# Our first trip abroad in the Motorhome Part one



## storeman (May 16, 2005)

Hi All part one of our travels.

We set off for Dover at 4.30 on Tuesday the 23rd of August. Pulled in to fill up on the A1 and chose the most expensive place 

to fill up (just my luck).We carried going down to Dover and pulled into the services near Leeds Castle to make a cuppa.We 

arrived at Dover at 10pm and was directed to gate 33 for the ferry with Norfolk Lines Which I duly drove straight past so had to turn around and come back,(good job it was the midnight sailing and not peak period).Put on the lens deflectors and 

got chatting to a chap that lived in Germany.We started to board at 11pm and the ferry set sail on time at 11.59.We sat in 

recliners at the front so we could have a view of the ship sailing out of Dover.we managed to get about an hours sleep and 

woke up just as we were entering Dunquirke.On leaving the ship we decided to go into Dunquirke town center to park up in the 

square as advised but after a long and fruitless search we decided to head for Gravelines,when we arrived it waS closed and we 

did not know where to park up so we pulled up behind a lorry on the entrance road to the campsite the time was then 5 am we 

just got onto the bed and fell asleep.

We were woken at 8am by someone banging on the door so we made a cuppa then set off in search of Stenay and a filling 

station.After going round in circles we found a supermarket in Arquey we filled up then set off again ,we had problems with 

road closures not knowing what deviation to take but eventually got it right. As we got to Lille my interpretation of the Sat 

Nav was wrong but got it right third time round Lille.There were no more problems and we arrived in Stenay at about 4pm the 

weather had been warm and sunny.Joan was waiting for us at the bridge over the canal. We set up next to joan & jeff who had 

saved us a pitch next to them,we also met 1happy from Motorhomefacts who had been touring France and Belgium in there new 

Knaus Sun T and very happy they were with there motorhome .The site at Stenay was a nice secluded sight where you have to 

get a card key from the information office across the canal where the disposal facilities were.On the side 

of the canal we were at it had showers toilets and fresh water. The cost per night is 5 Euros which also included an electric hook up.

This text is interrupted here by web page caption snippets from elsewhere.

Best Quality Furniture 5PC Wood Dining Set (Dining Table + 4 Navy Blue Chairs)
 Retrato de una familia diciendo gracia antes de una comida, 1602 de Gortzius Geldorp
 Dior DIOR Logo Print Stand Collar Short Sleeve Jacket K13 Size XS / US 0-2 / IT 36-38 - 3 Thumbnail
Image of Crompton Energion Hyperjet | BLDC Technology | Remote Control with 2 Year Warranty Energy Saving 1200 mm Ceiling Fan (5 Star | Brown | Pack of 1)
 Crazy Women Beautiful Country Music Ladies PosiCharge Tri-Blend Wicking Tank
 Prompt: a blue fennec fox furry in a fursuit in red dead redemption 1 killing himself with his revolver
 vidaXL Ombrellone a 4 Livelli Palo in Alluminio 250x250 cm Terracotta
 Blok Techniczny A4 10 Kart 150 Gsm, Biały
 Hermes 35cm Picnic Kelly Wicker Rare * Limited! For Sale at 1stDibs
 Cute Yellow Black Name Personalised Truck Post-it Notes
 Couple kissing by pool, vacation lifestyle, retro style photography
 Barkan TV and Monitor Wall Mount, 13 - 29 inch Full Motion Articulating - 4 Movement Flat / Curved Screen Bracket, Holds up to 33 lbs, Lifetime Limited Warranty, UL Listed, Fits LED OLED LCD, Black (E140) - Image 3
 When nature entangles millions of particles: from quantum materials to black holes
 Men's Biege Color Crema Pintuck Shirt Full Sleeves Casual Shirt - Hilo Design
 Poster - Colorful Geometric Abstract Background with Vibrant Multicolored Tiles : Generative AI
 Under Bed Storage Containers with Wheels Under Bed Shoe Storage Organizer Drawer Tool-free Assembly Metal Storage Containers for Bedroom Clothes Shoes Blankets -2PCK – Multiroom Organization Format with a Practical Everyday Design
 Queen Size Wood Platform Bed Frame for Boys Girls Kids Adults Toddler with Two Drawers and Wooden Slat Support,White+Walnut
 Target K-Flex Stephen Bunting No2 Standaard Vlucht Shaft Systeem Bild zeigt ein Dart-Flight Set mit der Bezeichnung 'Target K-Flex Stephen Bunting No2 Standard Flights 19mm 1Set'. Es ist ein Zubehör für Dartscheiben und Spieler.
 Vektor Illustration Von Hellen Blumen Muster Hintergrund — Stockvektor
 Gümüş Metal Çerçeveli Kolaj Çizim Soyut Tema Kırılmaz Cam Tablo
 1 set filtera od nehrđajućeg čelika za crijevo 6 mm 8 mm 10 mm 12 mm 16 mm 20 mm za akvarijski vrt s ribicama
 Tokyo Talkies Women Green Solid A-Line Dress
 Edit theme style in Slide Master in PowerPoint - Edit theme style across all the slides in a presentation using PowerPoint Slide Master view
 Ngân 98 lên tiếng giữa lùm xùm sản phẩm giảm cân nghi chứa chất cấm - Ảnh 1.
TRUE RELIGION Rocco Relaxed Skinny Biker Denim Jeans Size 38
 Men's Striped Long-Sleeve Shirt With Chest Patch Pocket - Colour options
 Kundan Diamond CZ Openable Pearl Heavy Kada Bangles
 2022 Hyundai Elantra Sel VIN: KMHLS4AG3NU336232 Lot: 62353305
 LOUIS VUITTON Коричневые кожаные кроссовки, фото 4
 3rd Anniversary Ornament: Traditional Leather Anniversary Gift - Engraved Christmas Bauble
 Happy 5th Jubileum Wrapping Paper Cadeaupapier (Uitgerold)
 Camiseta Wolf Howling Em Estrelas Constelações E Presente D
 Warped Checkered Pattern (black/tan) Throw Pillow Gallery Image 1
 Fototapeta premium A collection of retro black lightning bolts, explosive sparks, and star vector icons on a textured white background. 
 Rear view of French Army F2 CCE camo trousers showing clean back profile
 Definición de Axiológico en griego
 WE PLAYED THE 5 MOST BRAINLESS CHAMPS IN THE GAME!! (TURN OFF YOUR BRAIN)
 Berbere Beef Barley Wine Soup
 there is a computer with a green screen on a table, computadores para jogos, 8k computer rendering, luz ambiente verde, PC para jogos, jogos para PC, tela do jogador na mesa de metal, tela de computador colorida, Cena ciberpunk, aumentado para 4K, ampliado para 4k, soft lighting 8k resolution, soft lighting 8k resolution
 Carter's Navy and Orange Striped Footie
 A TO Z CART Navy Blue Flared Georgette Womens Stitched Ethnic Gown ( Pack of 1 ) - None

The next day we set off for Luxembourg it was raining a little bit but not much to write home about.We arrived in Luxembourg 

and proceeded to fill up with cheap Diesel at 0.925 Euros.We then went to the railway station to park in the car park but as 

I pulled in there was a dreaded hight barrier in front of me,so with a bit of maneuvering and holding up of traffic and going through a red light we set 

off to look for some place to park but alas all the car parks had weight limits of 3.5 ton . We pulled up at the roadside on 

the car parking places and had a cuppa.the weather was now sunny and we decided to go to Smokeys to get our cheap tobacco,and 

we stopped at the Match supermarket just before it for provisions.we bought our baccy then had a complementary cuppa. It was 

getting late in the day so we decided to go to Trier to park up for the night.The traffic going into Trier was horrendous as 

there was a rally on over the weekend. As we were going through Trier We went off track with the Sat Nav and pulled up 

outside some factory gates to decide what to do next ,when a little old lady came up to us and she gave us directions to get 

there. We set back off but before we got there I saw some Motorhomes parked up in a very large area so I decided to pull in 

and park up there.It was were the rally cars were going to start & finnish it was good fun.It started to rain a little then 

all of a sudden it was torrential for about 10 minutes. After that it stopped and was soon dry again.The rally finished at 

about 10.30 pm. At about 11pm a van pulled up behind us and it was a couple of young men from the Basque region of Spain who 

had come to watch the rally. 


The next morning it was another sunny day and we said to the young men from spain as they headed into town to watch the next 

stage of the rally. We then set for Dusseldorf and hit the dreaded road closures again, after a major hickup it was decided 

that I would take the lead after more road works and closures on route but with no hickups we arrived in Dusseldorf. As we 

neared the Messe Jeff took the lead as he had been two years previous. We got sited and had a cuppa and decided we would go 

into the town centre on the free transport we had a look round and then headed back to the station to catch the VRR to the 

Messe but decided to have a drink in one of the many cafes at the station. We then got on the VRR to the Messe, then the bus 

to the campground.Kate,Jeanie & Bill who had arrived the previous day had also been into town and had taken a cruise on the 

Rhine came round to our van,we had a good chat and a drink of course.

Chris and Pearl


----------